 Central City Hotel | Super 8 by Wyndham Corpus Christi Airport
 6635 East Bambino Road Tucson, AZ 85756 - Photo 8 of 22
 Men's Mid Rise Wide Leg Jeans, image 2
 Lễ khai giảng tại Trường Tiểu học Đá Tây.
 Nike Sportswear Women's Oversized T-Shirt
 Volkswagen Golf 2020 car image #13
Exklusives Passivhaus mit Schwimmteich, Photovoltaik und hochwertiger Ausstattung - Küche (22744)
* * *
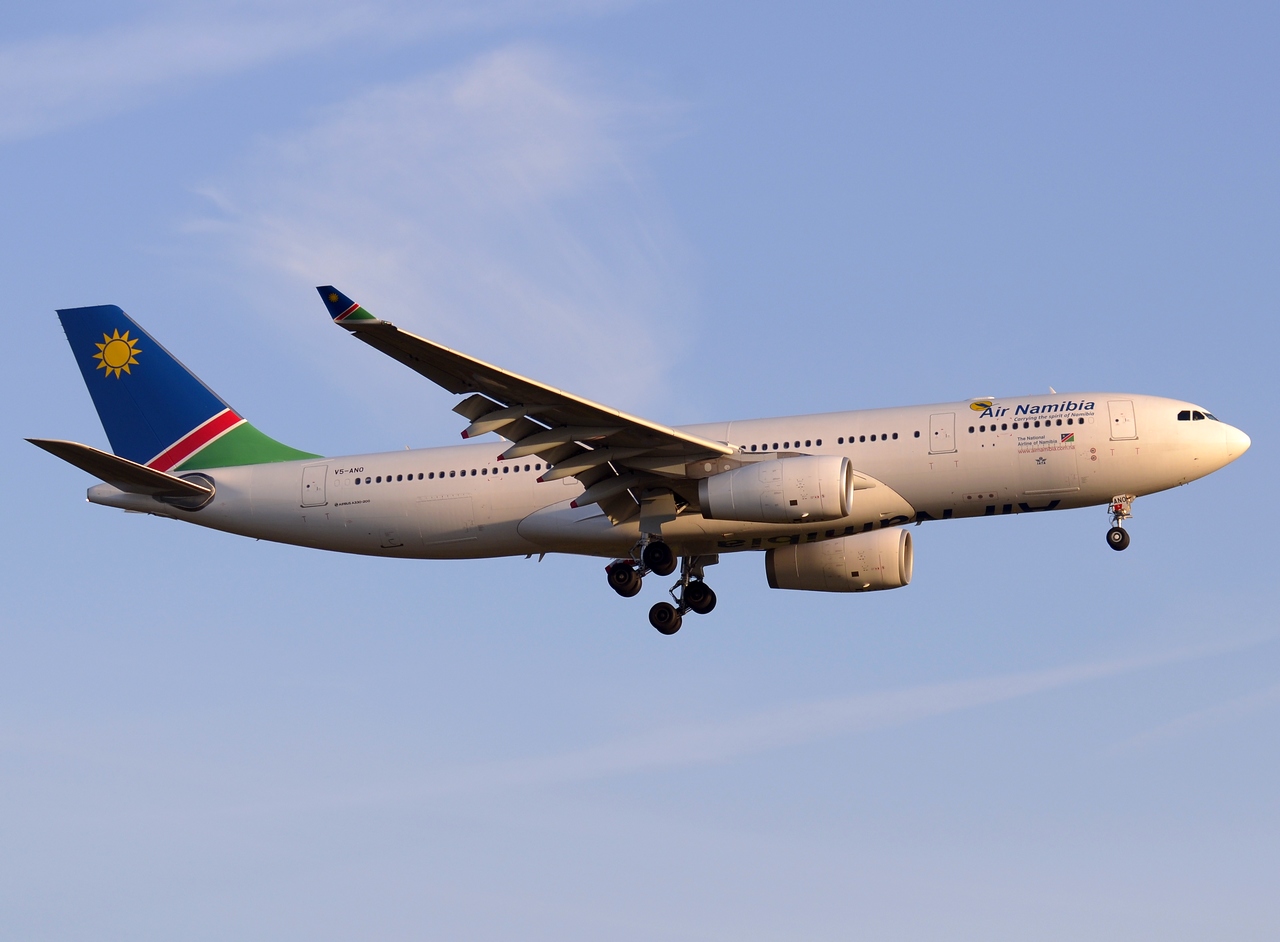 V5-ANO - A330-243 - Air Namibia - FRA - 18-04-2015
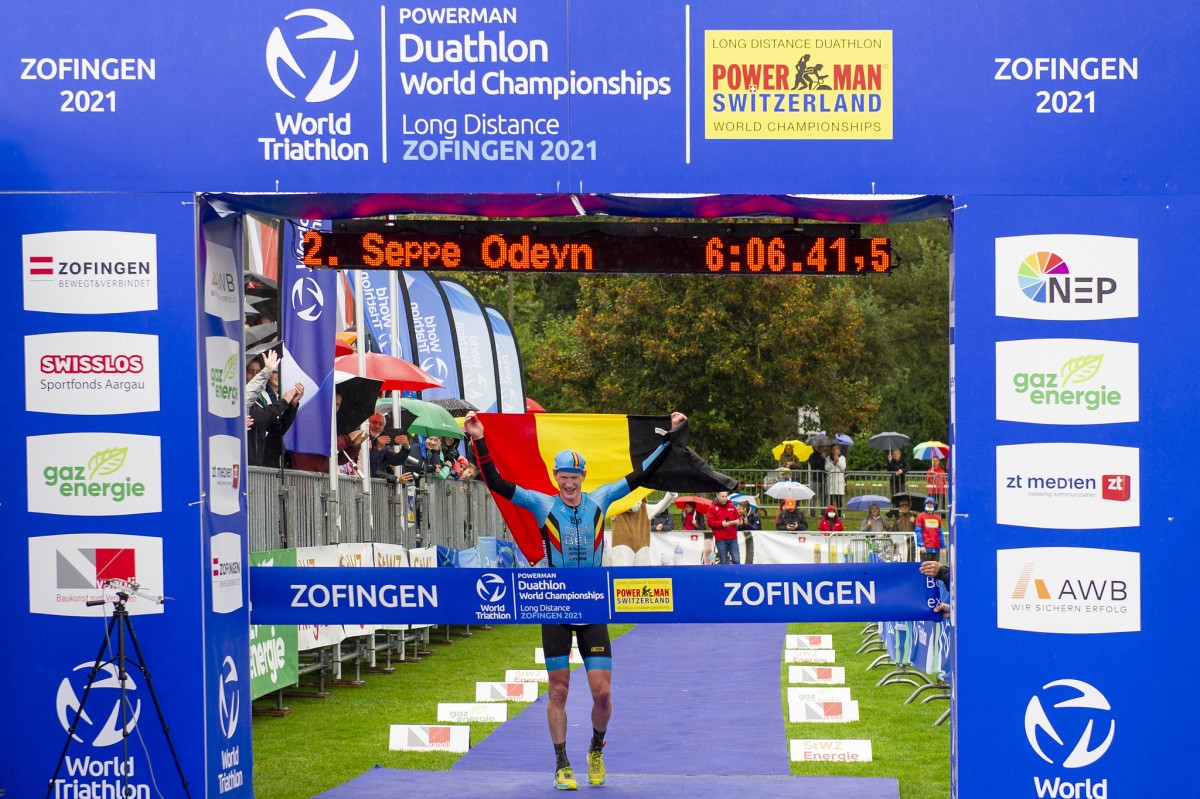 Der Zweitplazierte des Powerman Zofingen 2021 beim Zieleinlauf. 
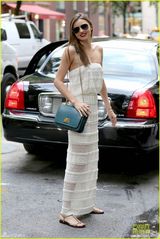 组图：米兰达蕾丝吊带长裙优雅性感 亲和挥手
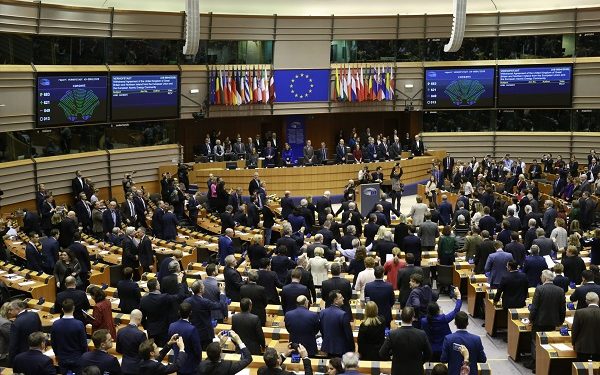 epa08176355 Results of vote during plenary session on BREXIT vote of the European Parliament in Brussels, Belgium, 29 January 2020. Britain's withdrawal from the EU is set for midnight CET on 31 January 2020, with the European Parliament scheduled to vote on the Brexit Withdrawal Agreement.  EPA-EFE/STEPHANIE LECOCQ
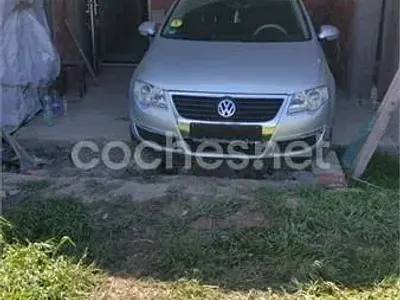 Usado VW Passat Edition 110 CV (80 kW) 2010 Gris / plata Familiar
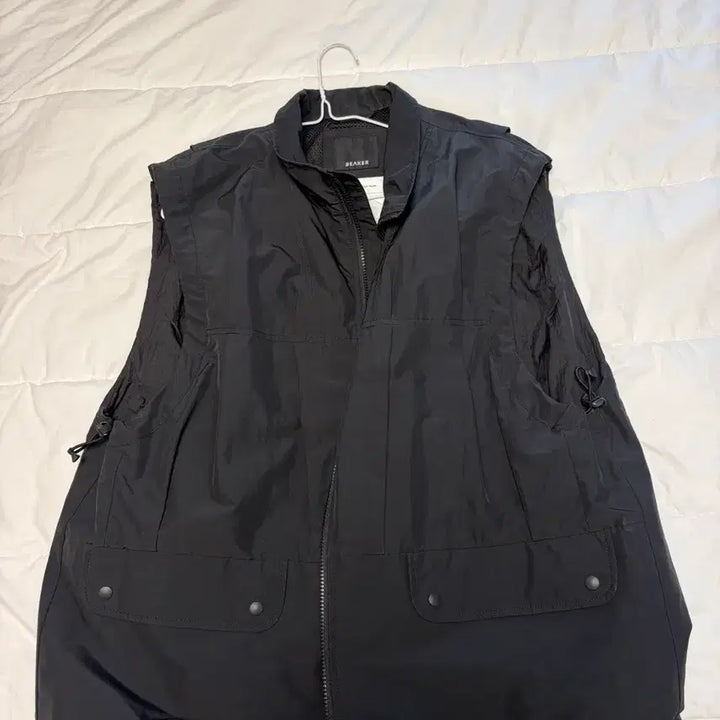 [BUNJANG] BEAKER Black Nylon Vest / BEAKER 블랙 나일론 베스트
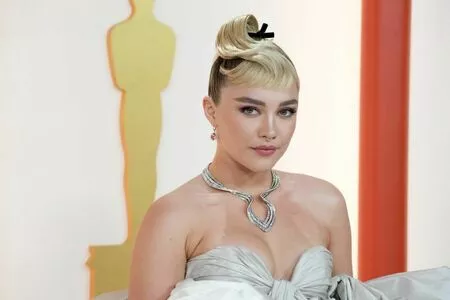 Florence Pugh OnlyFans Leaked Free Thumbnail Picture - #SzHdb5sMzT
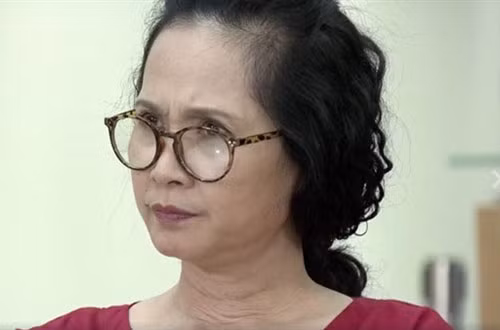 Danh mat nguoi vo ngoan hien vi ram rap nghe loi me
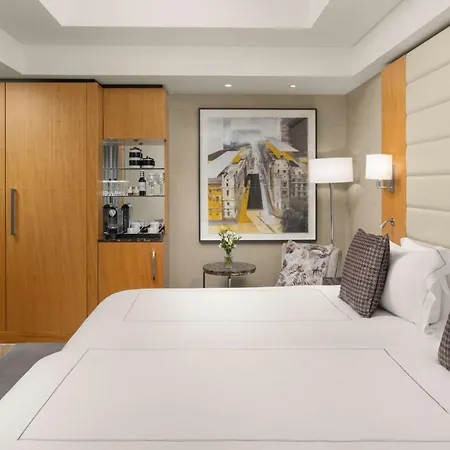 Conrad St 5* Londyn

Your task: Say how many lines in the entries include the string "image", and write nothing besides that number.

Result of the task: 2